When we remember this dimension of psychedelics, we open a richer, more human story. Tripping isn’t clinical — it can be a joyful voyage into the inner cosmos of self and connection. A playground of wonder, as well as a tender portal to realisation, to laughter, to awe. It’s a celebration of the inner world that trickles into how we live in the outer svět.

Magic mushrooms in particular invite us to remember child-like wonder. To feel the crunch of a leaf as though it’s the first we’ve ever heard, to sense the fabric of the world humming with possibility.
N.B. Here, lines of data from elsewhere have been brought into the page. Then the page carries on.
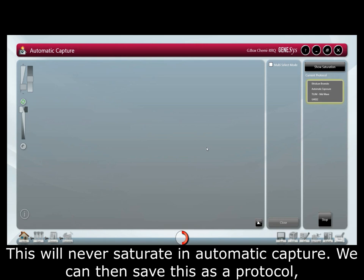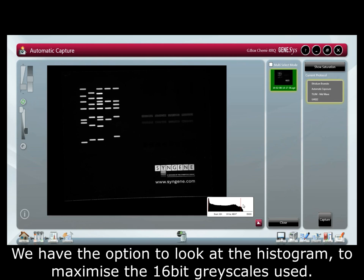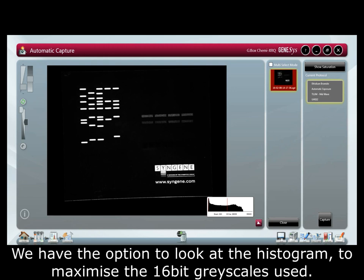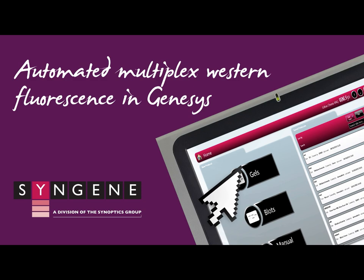This will never saturate in automatic capture. We can then save this as a protocol, meaning all future gels can be imaged in the same way, allowing us to skip the image setup and go straight to sample positioning. We have the option to look at our histogram to maximize the 16-bit grayscale used. As with all images in Genesys, these can be annotated or exported directly into Gene Tools for analysis and simple quantification.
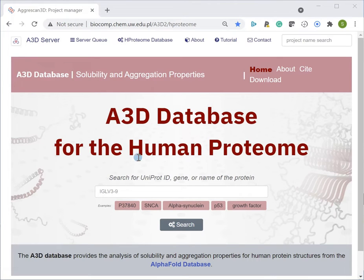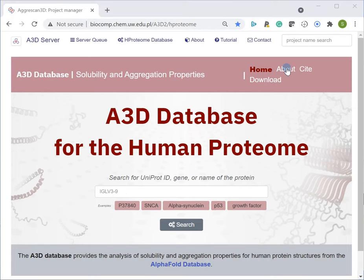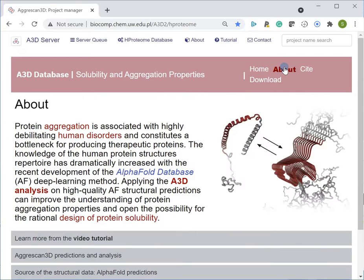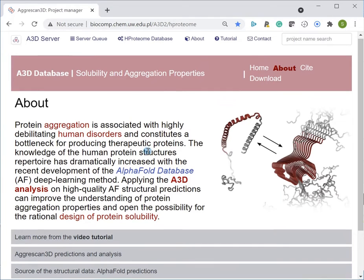The Agreskin 3D database provides predictions of protein aggregation properties for human proteins. The database contains over 17,000 protein structures analyzed using the Agreskin 3D tool. A short description of the database and Agreskin 3D methodology is provided in the online about section.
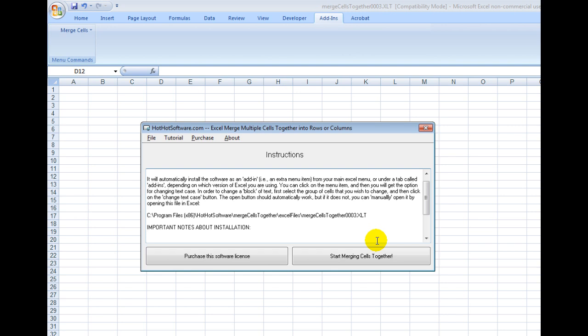So let me show you how it works. First of all, you download this software from HotHotSoftware.com. Then you click on the Start Merging Cells Together button. It will automatically install this into your Excel program. Now make sure you have macros enabled because if you don't, it might not install.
They can bring us into communion: with ourselves, with others, with nature, with something larger. That communion isn’t just therapeutic. It’s ecstatic. It reminds us that life itself, in all its complexity, mystery and beauty, is worth living.
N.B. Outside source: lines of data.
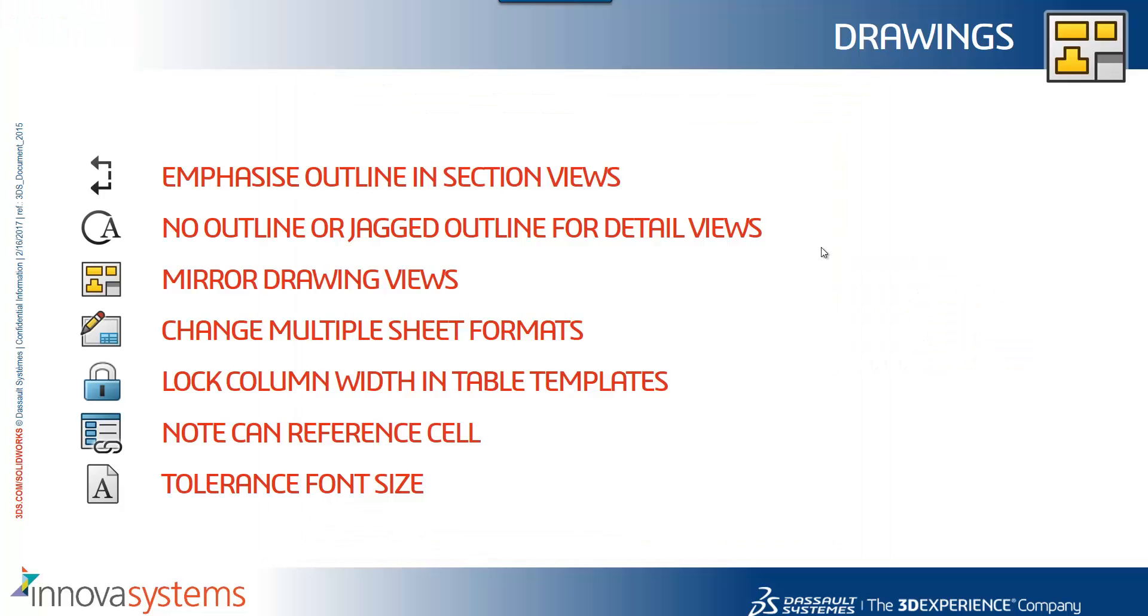Just to summarize, we've seen the ability to emphasize outlines in section views. We can specify no outline or a jagged outline for detail views. We have the ability to mirror drawing views. We can change multiple sheet formats all at once. We can lock the column width within table templates. Notes can reference cells within a table, and we can also specify the tolerance font size.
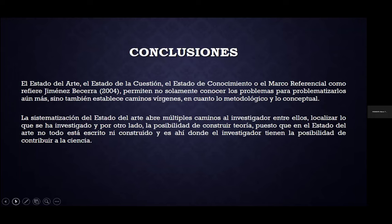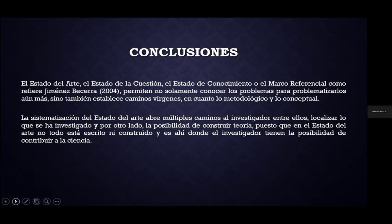Finalmente, el estado del arte —o estado de la cuestión, estado de conocimiento o marco referencial— nos va a permitir no solamente conocer los problemas para problematizarlos, sino también encontrar caminos vírgenes: indagar por otros lados ciertos problemas investigativos. No repetir lo que ya está investigado, sino a partir de lo que ya hay ver otras posibilidades, otros caminos, otras formas de resolver las problemáticas. La sistematización del estado del arte abre múltiples caminos al investigador: localizar lo investigado y la posibilidad de construir teoría, puesto que en el estado del arte no todo está escrito, y es ahí donde el investigador puede contribuir a la ciencia con nuevos hallazgos.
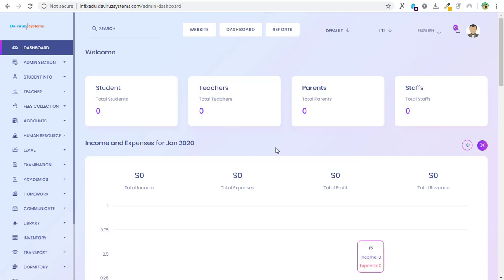Alright YouTubers, it's your boy The Viral System here again. Today I'm going to take you through how to build Infect Education School Management System Android app.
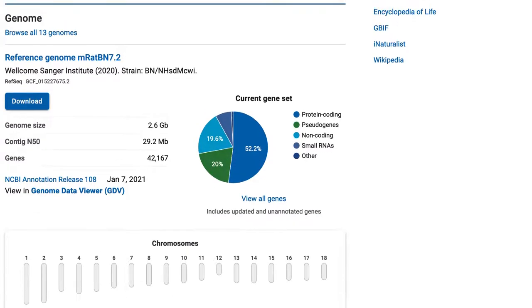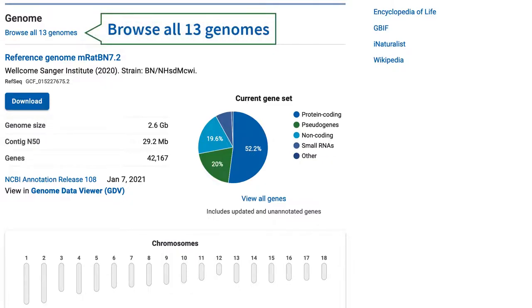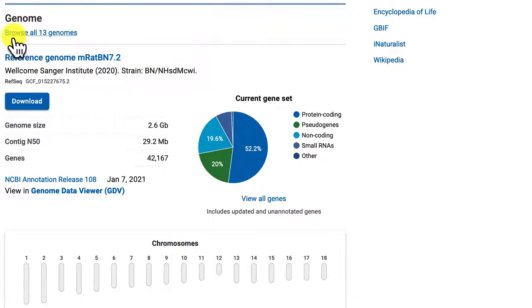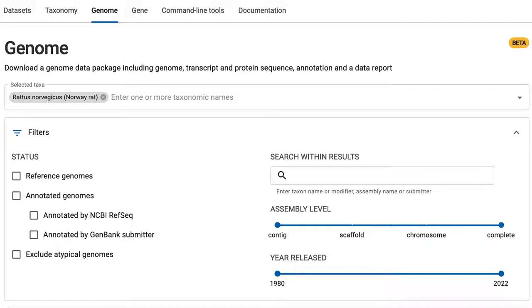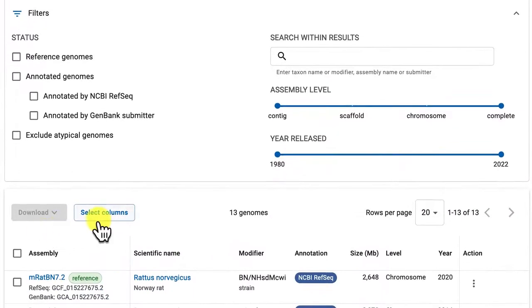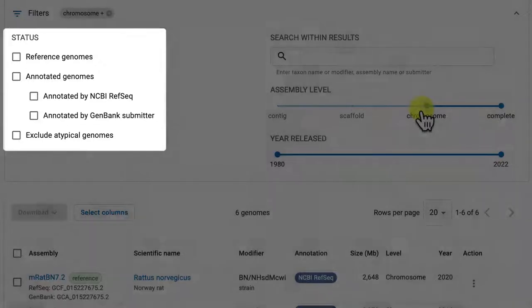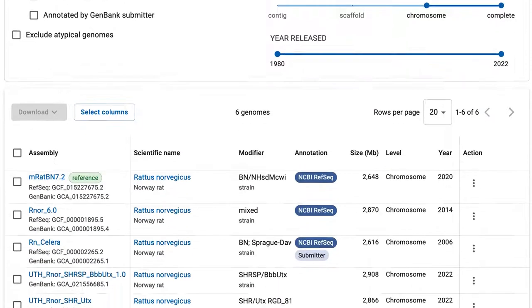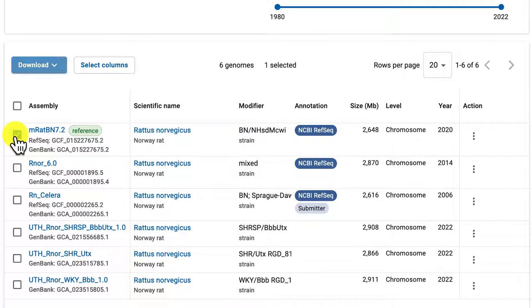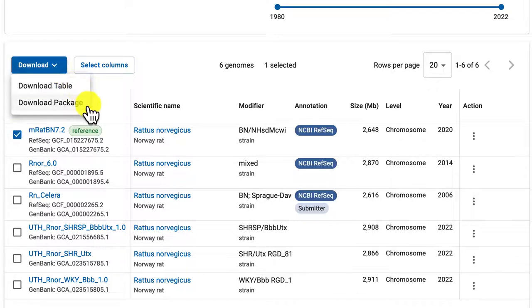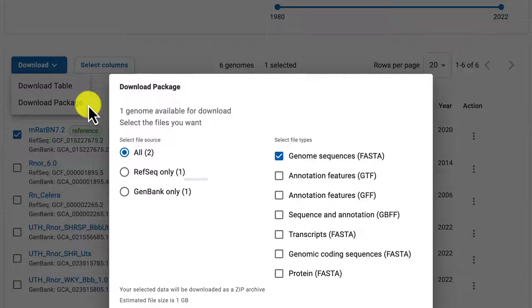Let's explore the genome table provided by the Browse All 13 Genomes link. Notice that you can select columns and apply filters to narrow your list, including new status options. You can download this table or a selected assembly dataset with the Download button menu, which now includes the option to select the source: RefSeq, GenBank, or both.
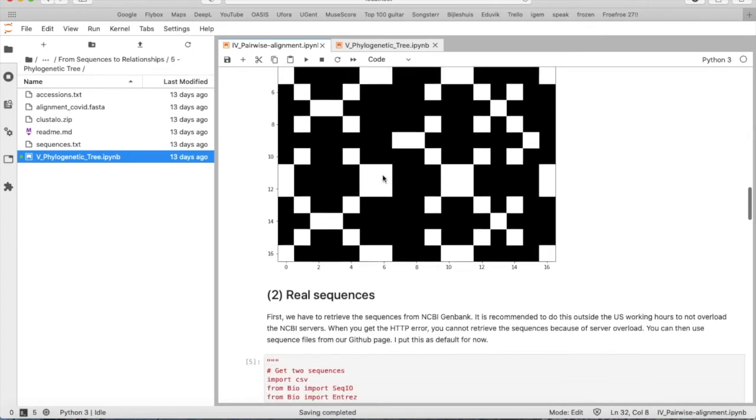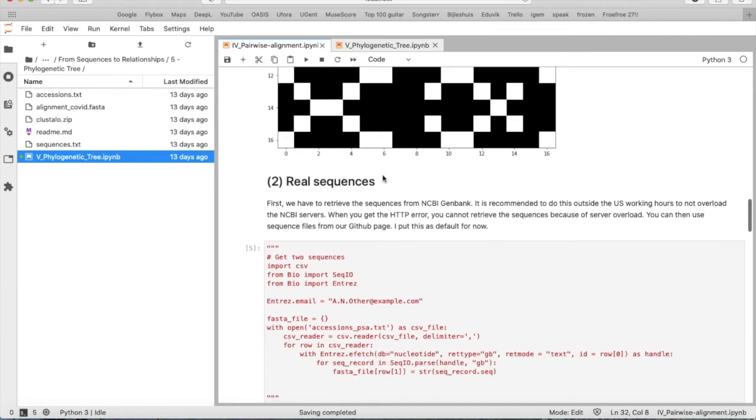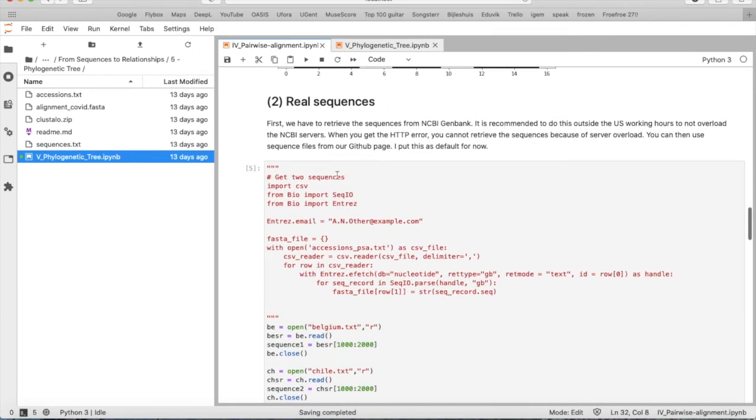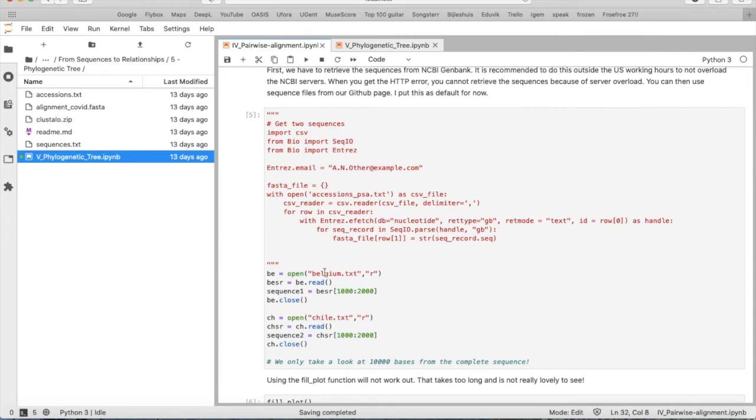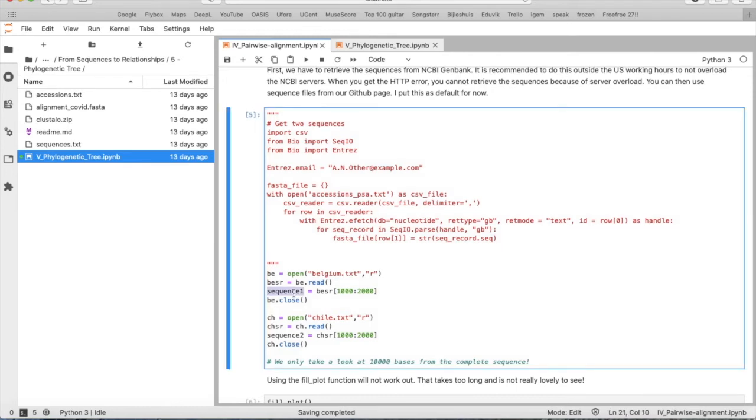And now move to some real sequences. So here we have the code to extract some sequences from NCBI GenBank. So which sequences do we choose? We first of all took a Belgium isolate of the SARS-CoV-2 virus and the strain from Chile. So we first of all open the file that we made with the sequence. We read the content of the sequence. And we say, okay, we only take 1000 nucleotides from the sequence. And this sequence 1 is from nucleotide 1000 to 1999.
In that light, the mystical dimension of psychedelics isn’t some fringe bonus — it can enrich our everyday life. The laughter after release of expectation; the sense that everything is alive; the soft shock and awe when we realise that this ordinary world hides extraordinary layers. The mystical invites the mundane to shine.

Foto: Ethan Hoover on Unsplash

Re-framing the Research: Joy, Mushrooms & the Inner Cosmos

Of course, scientific research has focused largely on therapy: how psychedelics help with deprese, úzkost, end-of-life distress. But a fascinating paper by Frederik Bøhling (2017), "Psychedelic pleasures: An affective understanding of the joys of tripping", flips the lens. He asks: if most people use psychedelics because they’re zábava, why aren’t we studying the fun?

Background

Bøhling points out that while there’s been a “psychedelic renaissance” in therapies, the scientific literature is almost entirely silent when it comes to recreational use and the pleasure of tripping. (Though of course, pop culture is full of it!)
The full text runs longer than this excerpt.